I was considering the sequence of pairs
$$(1,100), (2,99), (3,98), (4,97) ... $$
To try to find a pair of positive integers $(K, 100-k)$ such that $\text{GCD}(K, 101-K)$ is not $1$.
And after running a short python script I came to the conclusion that NO such pair exists.
I wondered if this had something to do with $101$ being a prime number so I explored the sequence of pairs $(K,M-K)$ where $M$ was prime.
$$(1,2) \ M=3$$ $$(1,4), (2,3) \ M=5$$ $$(1,6), (2,5), (3,4) \ M= 7$$ $$(1,10), (2,9), (3,8), (4,7), (5,6) \ M=11 $$ $$ (1,12), (2,11), (3,10), (4,9), (5,8), (6,7) \ M = 13 $$
To confirm this isn't just "odd numbers" $M=9$ fails, so it feels like i'm onto something.
Some more experimental computation with a python script, confirmed it for primes up to $47$.

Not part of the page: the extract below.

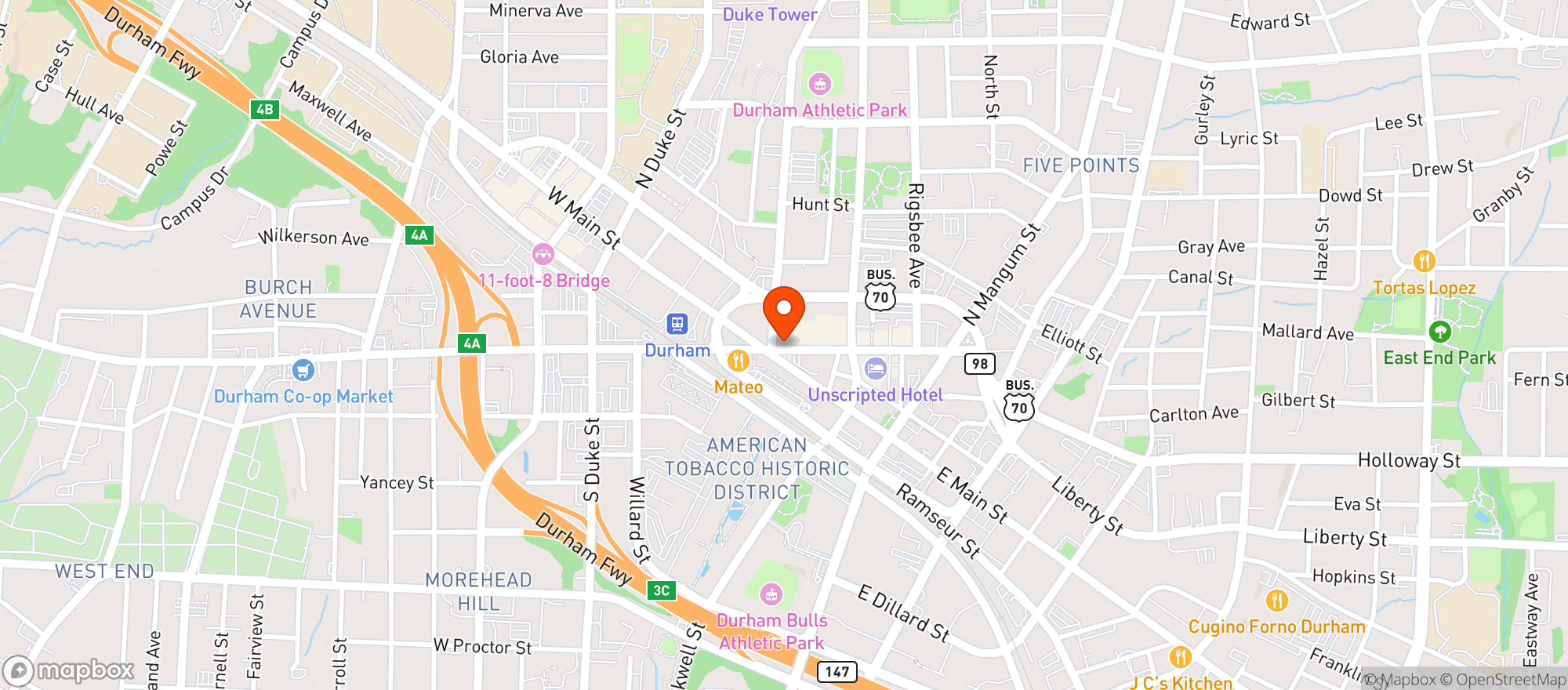 Map showing Pizzeria Toro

So this should have some elementary explanation i'm thinking, but i'm not sure what it could be.
If $M$ is not prime, then let $1 \neq d \mid M$. Since $1 < d < M$, $(d, M - d)$ is one of such pairs which have $d$ as a common divisor.
If $M$ is prime, then suppose there exists $k \in \{1,\dots,M - 1\}$ in which $\gcd(k, M - k) = d > 1$. Then $d \mid (M - k) + k \Rightarrow d \mid M$, so $d = M$ as $d > 1$. This is a contradiction, as $k < M$ yet $M \mid k$.